Un seul but : la rentabilité

Notre génération bénéficie certes de plus de moyens technologiques qu’auparavant, mais elle travaille aussi sous la pression qui va de pair avec l’accélération globale de la communication, du traitement des données et la complexification globale liée à la digitalisation. Dans le secteur social, c’est presque un gros mot, mais pourtant elle est bel et bien là : la rentabilité. Un non dit qui pèse son poids et qui s’écrit en filigrane de tous ces progrès technologiques. Un objectif que ces fameux moyens nous permettent d’atteindre. Aujourd’hui, il y a moins de travailleurs pour faire plus de travail, dans la plupart des secteurs, en ce compris dans le social. Ce n’est ni un hasard ni une coïncidence.

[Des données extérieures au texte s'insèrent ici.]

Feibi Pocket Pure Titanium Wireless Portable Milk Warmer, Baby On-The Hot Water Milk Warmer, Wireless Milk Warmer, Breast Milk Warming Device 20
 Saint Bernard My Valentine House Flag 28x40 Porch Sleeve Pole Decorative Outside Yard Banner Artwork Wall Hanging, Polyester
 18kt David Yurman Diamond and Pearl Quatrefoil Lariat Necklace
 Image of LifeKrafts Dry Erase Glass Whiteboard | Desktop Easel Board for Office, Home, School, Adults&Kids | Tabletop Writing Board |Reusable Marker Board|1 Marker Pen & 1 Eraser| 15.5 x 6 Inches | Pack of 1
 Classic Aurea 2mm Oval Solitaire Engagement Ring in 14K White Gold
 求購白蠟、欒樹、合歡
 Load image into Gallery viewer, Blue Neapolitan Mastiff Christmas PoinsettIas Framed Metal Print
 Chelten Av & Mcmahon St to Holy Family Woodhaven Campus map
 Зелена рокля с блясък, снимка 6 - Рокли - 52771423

Quel est le prix du pas de côté ?

Dans ce contexte, quel est le prix du pas de côté ? De celui que l’on va faire en travaillant plus lentement, en accordant aux choses et aux gens le temps dont ils ont besoin ? En permettant aux projets de mûrir ? Quel est le prix du ralentissement ? Celui qui va permettre au travailleur de décontracter les épaules, de dénouer le ventre ? Parfois, le prix c’est la pénurie, l’absentéisme, le désengagement, le licenciement, l’incapacité de travail. Parfois ce sont aussi les questionnements sans fin du travailleur qui se demande pourquoi il ne se sent pas à sa place ou compétent. Parfois, c’est sortir du cadre pour se rendre compte que ce même cadre oppresse plus qu’il ne contient.